[Scraped caption text data]
▽

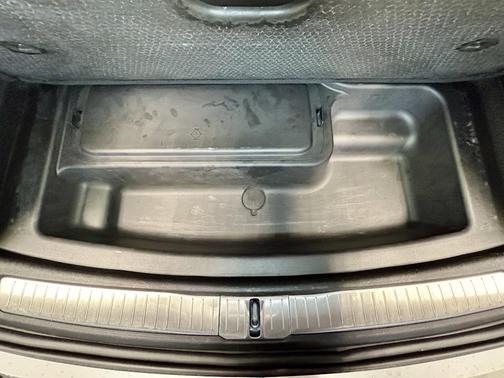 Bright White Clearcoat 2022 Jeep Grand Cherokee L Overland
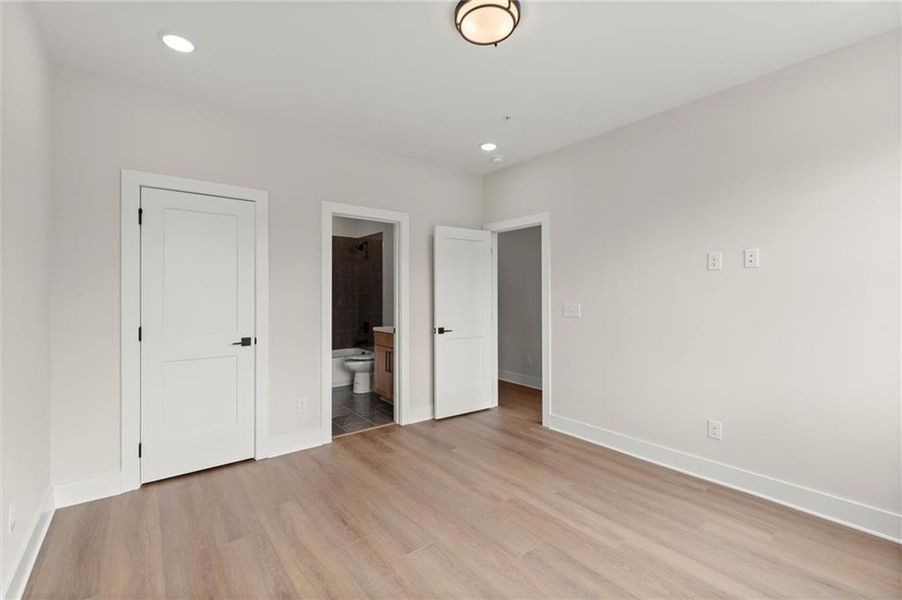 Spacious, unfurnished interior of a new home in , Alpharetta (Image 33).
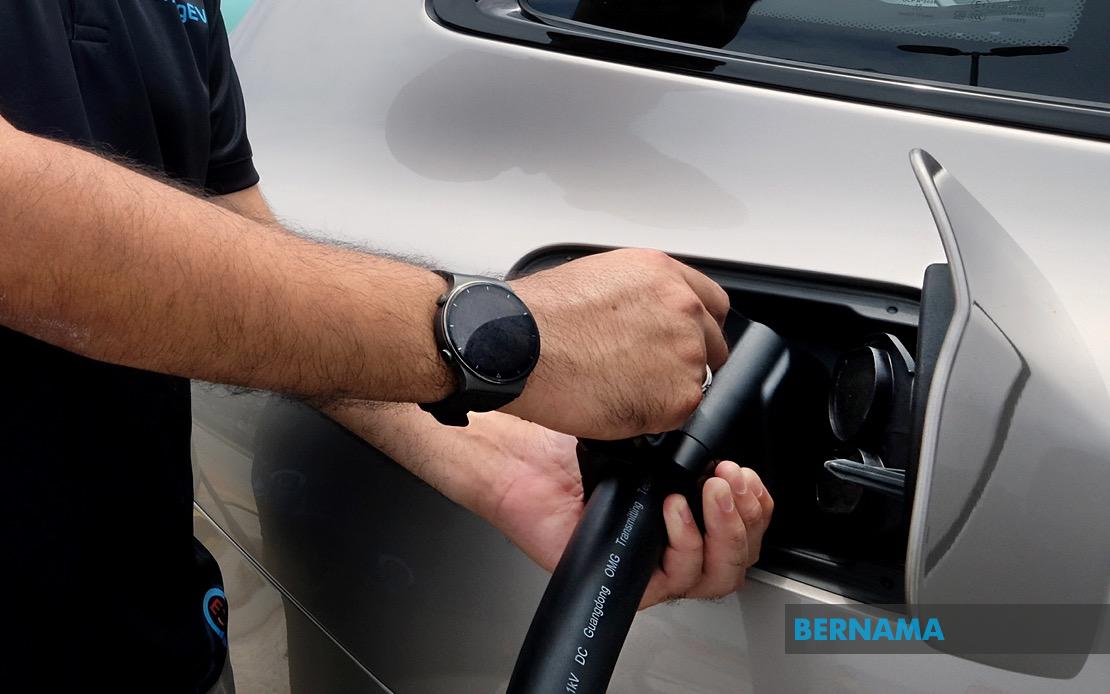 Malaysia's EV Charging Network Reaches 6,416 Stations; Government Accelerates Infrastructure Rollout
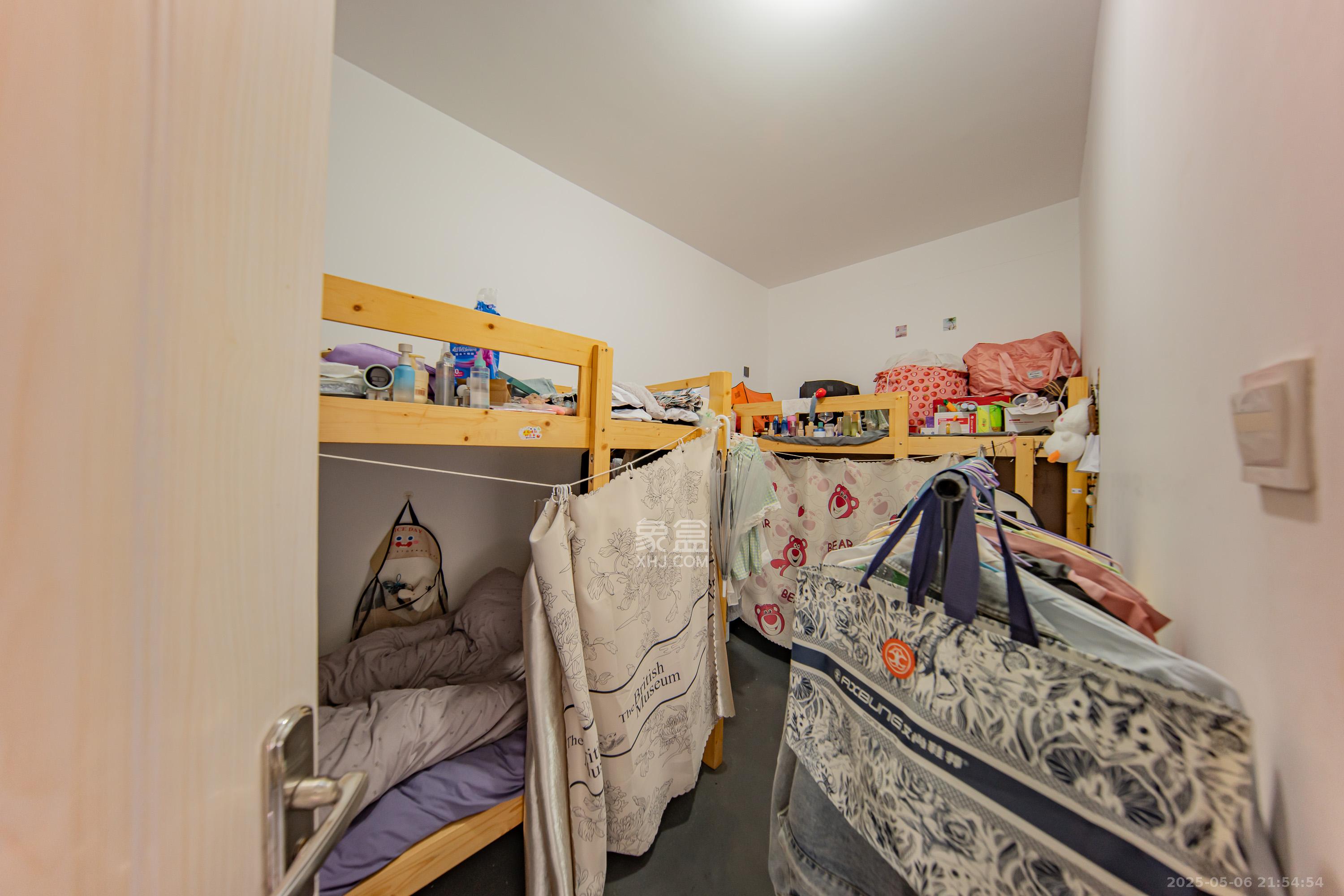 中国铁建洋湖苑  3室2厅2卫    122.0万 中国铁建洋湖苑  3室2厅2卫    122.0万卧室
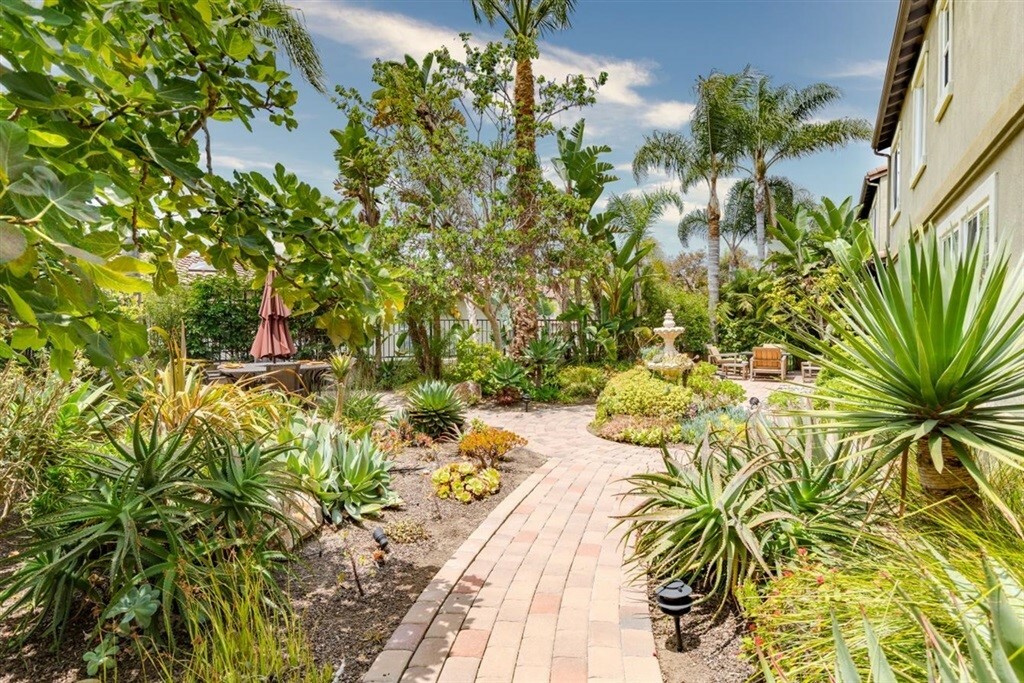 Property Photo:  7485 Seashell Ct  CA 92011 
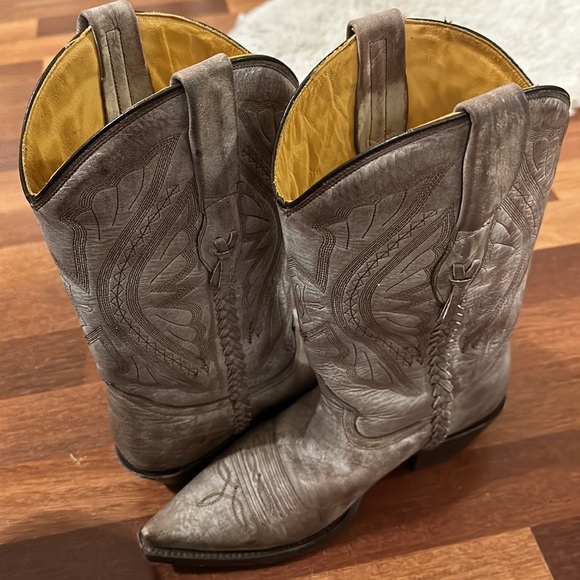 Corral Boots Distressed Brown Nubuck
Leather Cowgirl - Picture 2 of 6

△

◆ What to produce
The entries above, every one of them, should be retyped exactly, with no pictures carried over.

◆ Output for this exercise
 Bright White Clearcoat 2022 Jeep Grand Cherokee L Overland
 Spacious, unfurnished interior of a new home in , Alpharetta (Image 33).
 Malaysia's EV Charging Network Reaches 6,416 Stations; Government Accelerates Infrastructure Rollout
 中国铁建洋湖苑  3室2厅2卫    122.0万 中国铁建洋湖苑  3室2厅2卫    122.0万卧室
 Property Photo:  7485 Seashell Ct  CA 92011 
 Corral Boots Distressed Brown Nubuck
Leather Cowgirl - Picture 2 of 6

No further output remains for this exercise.